For the entries that follow, restate word for word the line containing "Table basse vintage", the line containing "Boston Scientific M0067301501", and every line that lies between them.

Segment Start: MATERIAL PROVIDED

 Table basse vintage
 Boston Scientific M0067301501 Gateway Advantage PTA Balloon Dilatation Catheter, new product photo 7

Segment End: MATERIAL PROVIDED
Segment Start: MATERIAL PROVIDED

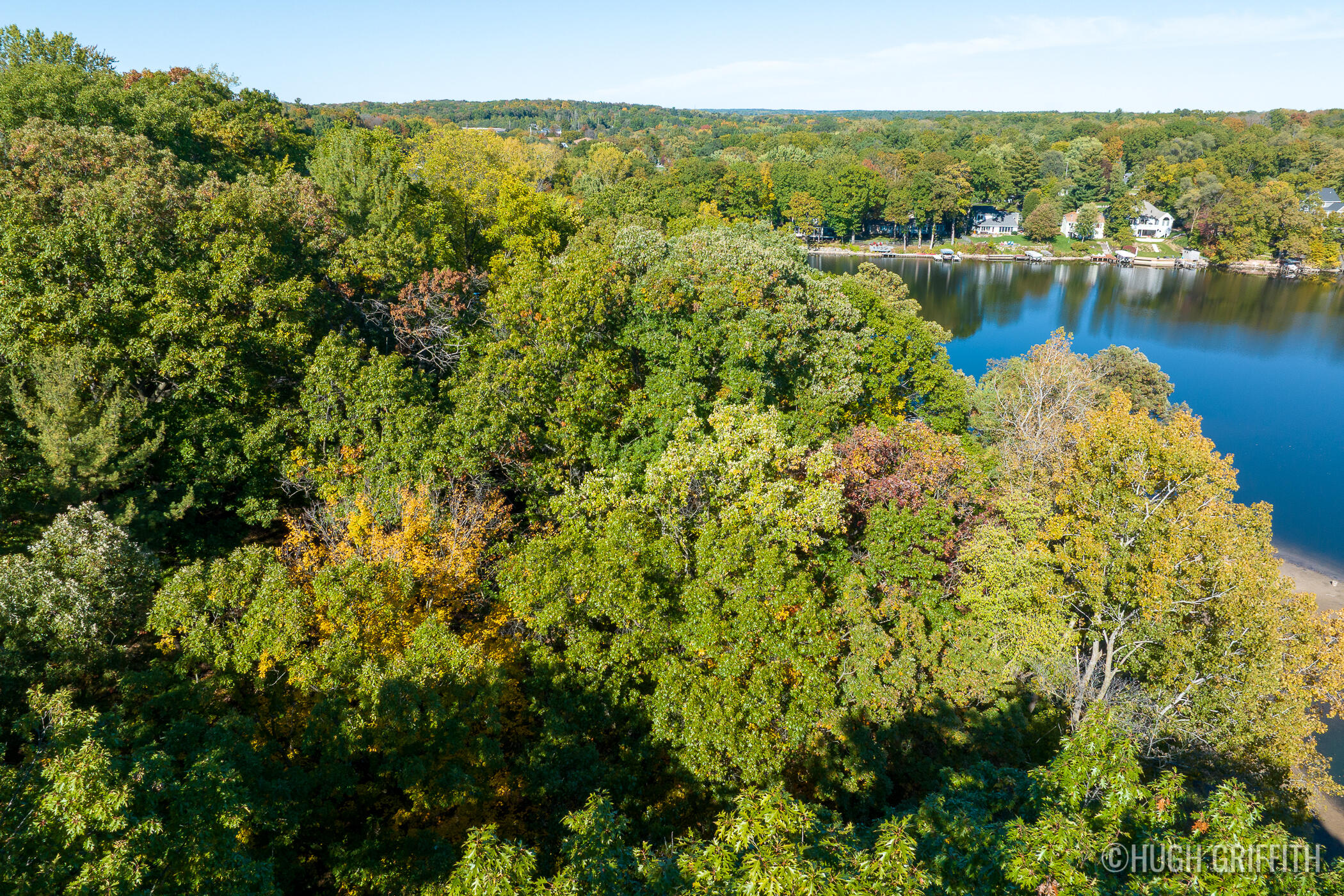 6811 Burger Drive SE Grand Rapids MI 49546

Segment End: MATERIAL PROVIDED

COMPLETED EXERCISE:
 Table basse vintage
 Boston Scientific M0067301501 Gateway Advantage PTA Balloon Dilatation Catheter, new product photo 7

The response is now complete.